- Problem details:
The listing below holds a line with "Ткань понравилась, посадка" and a line with "После носки и". Reproduce those two lines exactly, plus everything between them.

*** Opening of Data for analysis ***

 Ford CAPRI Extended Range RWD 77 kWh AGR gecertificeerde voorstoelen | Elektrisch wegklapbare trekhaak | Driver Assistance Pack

*** Close of Data for analysis ***
*** Opening of Data for analysis ***

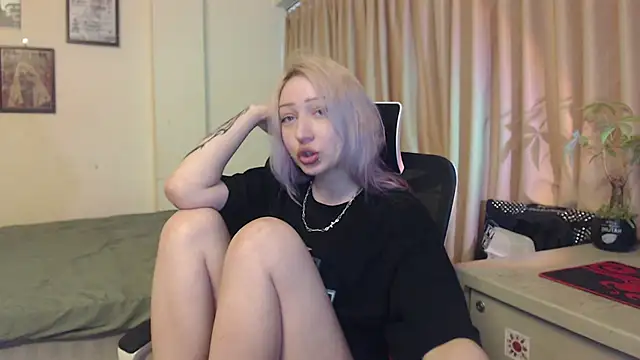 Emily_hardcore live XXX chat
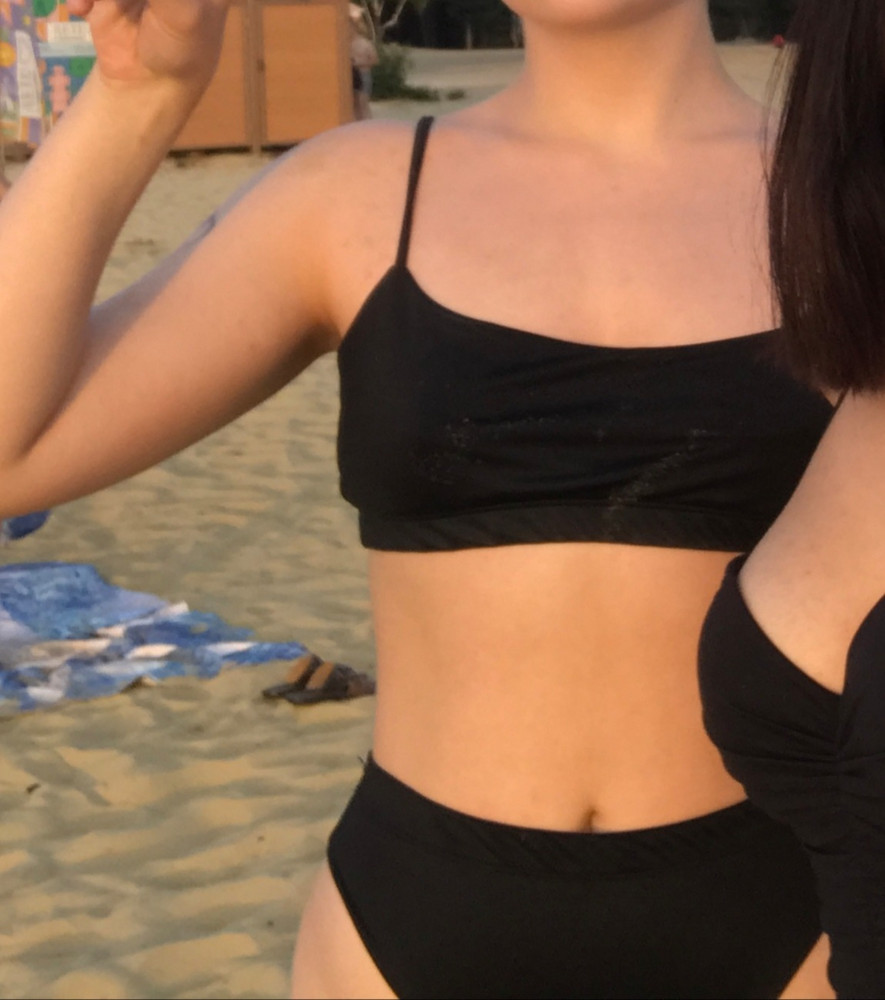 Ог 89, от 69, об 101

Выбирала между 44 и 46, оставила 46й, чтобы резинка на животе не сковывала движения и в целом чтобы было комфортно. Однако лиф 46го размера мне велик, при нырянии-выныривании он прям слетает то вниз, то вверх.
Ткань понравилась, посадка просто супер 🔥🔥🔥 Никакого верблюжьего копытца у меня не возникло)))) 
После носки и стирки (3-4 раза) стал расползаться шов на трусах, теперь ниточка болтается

*** Close of Data for analysis ***

- Task output:
Ткань понравилась, посадка просто супер 🔥🔥🔥 Никакого верблюжьего копытца у меня не возникло)))) 
После носки и стирки (3-4 раза) стал расползаться шов на трусах, теперь ниточка болтается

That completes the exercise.